Many of our hymns reflect this doctrine: ‘Glorious things of thee are spoken, Zion, city of our God!’ Are we prepared to throw all these away and admit they are the product of flawed theology?

We must hold fast to these truths which are integral to the gospel. We love the Jews for Christ’s sake, and long for their conversion — but we do them no service by failing to preach Christ from the Old Testament.

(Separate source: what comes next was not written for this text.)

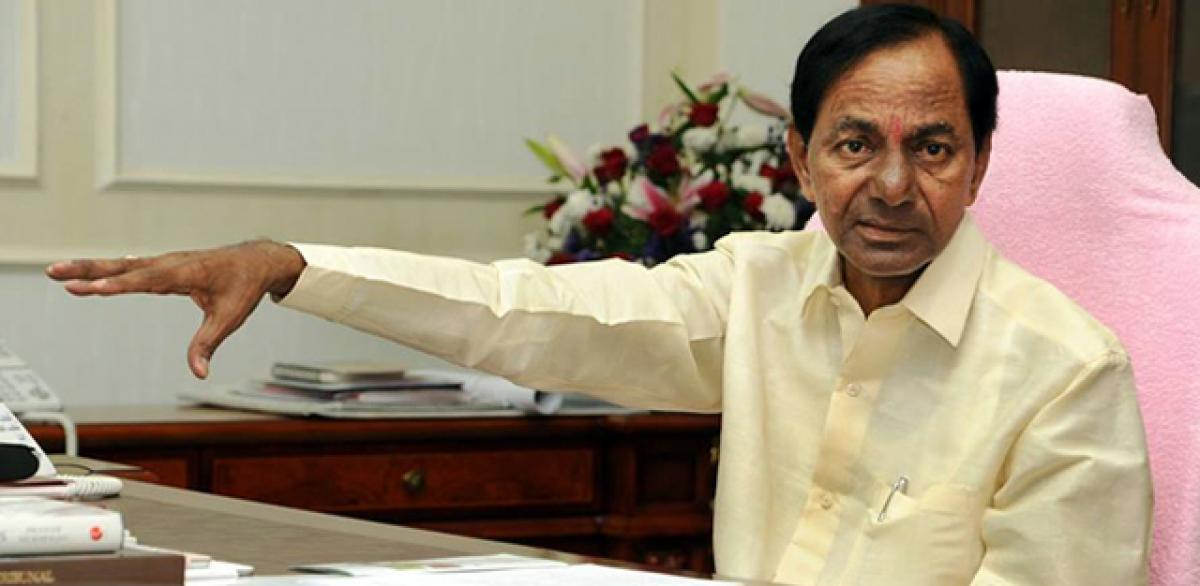 KCR to visit Medaram on Feb 2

It would be ridiculous to view the heroes of faith in Hebrews 11 as belonging to a different religion and excluded from the church. Scripture denies any such thought for, says Hebrews 11:40, they will ‘not be made perfect apart from us’. With us, they will be made perfect, but only as members of Christ’s body, the church!

No gospel

The real ‘replacement theology’ is that which is being perpetrated today — replacing the gospel in all its fulness, and the Scriptures with all their Christ-centred truth, by an emaciated message, which in fact is no gospel at all.

If the secular media are to be believed, there is indeed a ‘theology’ which is having a marked influence on American policy in the Middle East.

However, it is not the Christ-centred theology outlined above, which sadly has little currency in any government circles, but the theology of some of the ‘evangelical’ lobby in the USA.

Haifa Israel

This takes a number of forms, but its general thrust is that today’s secular, unbelieving Israel is entitled to the whole biblical territory — hence their alignment with Zionists and those who wish to settle the West Bank, Gaza, etc.

It is true that ‘the gifts and calling of God are irrevocable’, but Paul makes it plain in the same passage that God’s promises to Israel are, and will be, fulfilled only in the gospel of Jesus Christ (Romans 11:26-32).

Christ’s kingdom is a heavenly one: the mistake the Jews made in his own day was to conceive of the promises in earthly terms.

It is this same erroneous theology which poses a great danger in the present situation. It distorts the search for peace and sidelines the gospel.

We must contend, as always, for sound biblical doctrine — for it can indeed have a dramatic effect on world history.

Mike Matthews is a retired architect. At one time he edited Origins, the journal of the Biblical Creation Society (now Biblical Creation Trust).